Cette semaine, le président de l’UMP Nicolas Sarkozy s’est dit favorable à l’interdiction du port du foulard à l’université. Il y a deux semaines, c’était la ministre des droits des femmes. Qu’en pensez-vous ?
La laïcité est sans doute un peu mise à toutes les sauces. Lorsque l’on relit la loi de 1905 et les débats parlementaires, mais aussi les conclusions de la commission Stasi de 2003, on constate que le débat a déjà été tranché. À l’école, les enfants sont dans une période où ils se construisent, ils sont là pour acquérir des connaissances qui leur permettront de faire leurs choix librement. C’est pourquoi il existe cette obligation de neutralité religieuse pour les enseignants, et cet encadrement des signes religieux pour les élèves jusqu’à la fin du lycée.
Mais à l’université, la situation est différente. Les étudiants sont des adultes, des citoyens majeurs, et nous n’avons pas à contrarier leur liberté d’expression, à la condition qu’il n’y ait pas de prosélytisme. Interdire le voile à l’université reviendrait à changer le sens de la loi qui n’impose la neutralité qu’aux agents de l’État qui doit être impartial (la loi de 2004 encadre le port de signes religieux pour les élèves du primaire et du secondaire dans le public). Or la laïcité n’a pas besoin de plus de lois pour être mieux respectée : il faut en revanche appliquer les lois qui existent déjà.

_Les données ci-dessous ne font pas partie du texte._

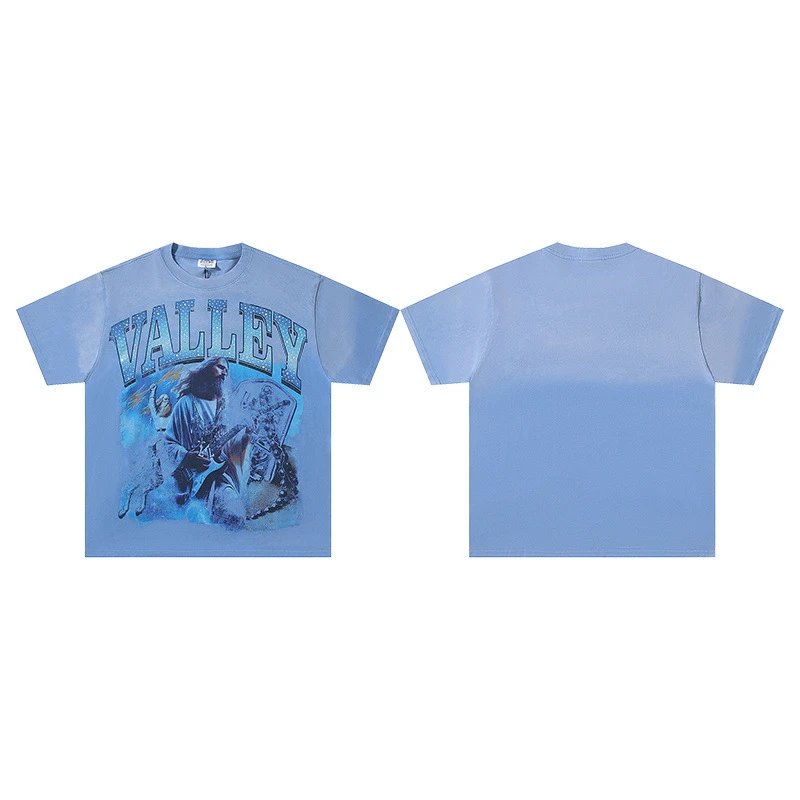 Design Valley Dreams x Hong Kong Action Film Poster Graphic T-Shirt Gray T-Shirts - 29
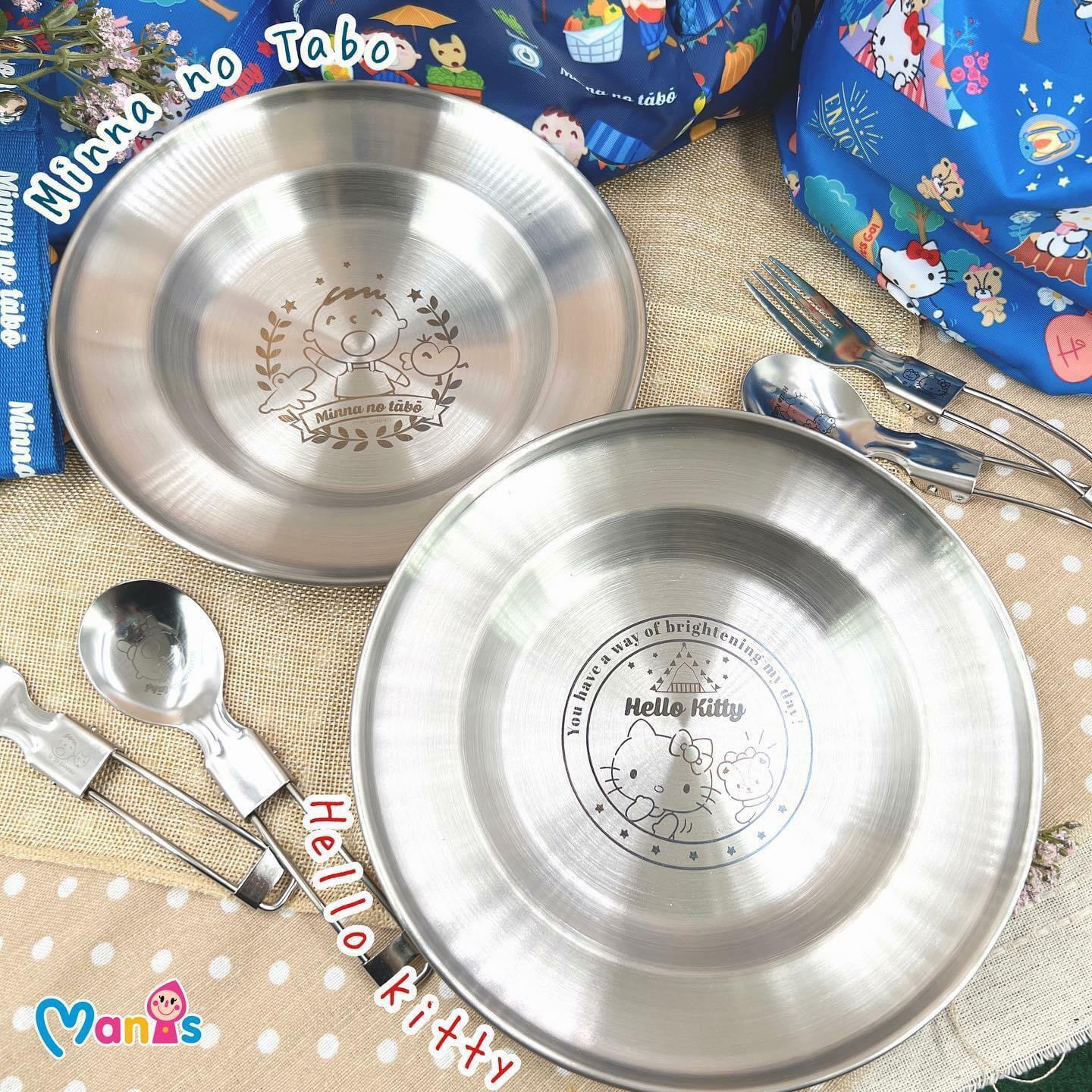 Sanrio不鏽鋼餐具套裝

Il faut aussi distinguer ce qui relève de l’apparence, de ce qui relève du comportement. Si l’apparence des étudiantes voilées peut déranger, en tant que jeunes adultes elles ont tout à fait le droit de se voiler la tête. On ne va pas imposer une police vestimentaire dans les universités. À l’inverse, il n’est pas question que les universités soient perturbées dans leur fonctionnement par des comportements prosélytes ou agressifs. Ces comportements, oui, doivent être interdits, notamment quand ils perturbent les cours.
La situation est un peu particulière au sein des Écoles supérieures du professorat et de l’enseignement, les ESPE. Dans les amphis se retrouvent côte à côte des jeunes filles autorisées à porter leur voile, et d’autres, non…
Ce n’est pas si compliqué. Les étudiants des ESPE sont autorisés à porter un signe religieux tant qu’ils ne sont pas stagiaires fonctionnaires, c’est à dire en première année de l’ESPE. Après la réussite au concours de recrutement des enseignants, en deuxième, elles deviennent stagiaires et sont soumises à la même obligation de neutralité que les agents de l’État.
Rappelons au passage que cette obligation de neutralité concerne la religion, mais aussi les opinions syndicales, ou politiques.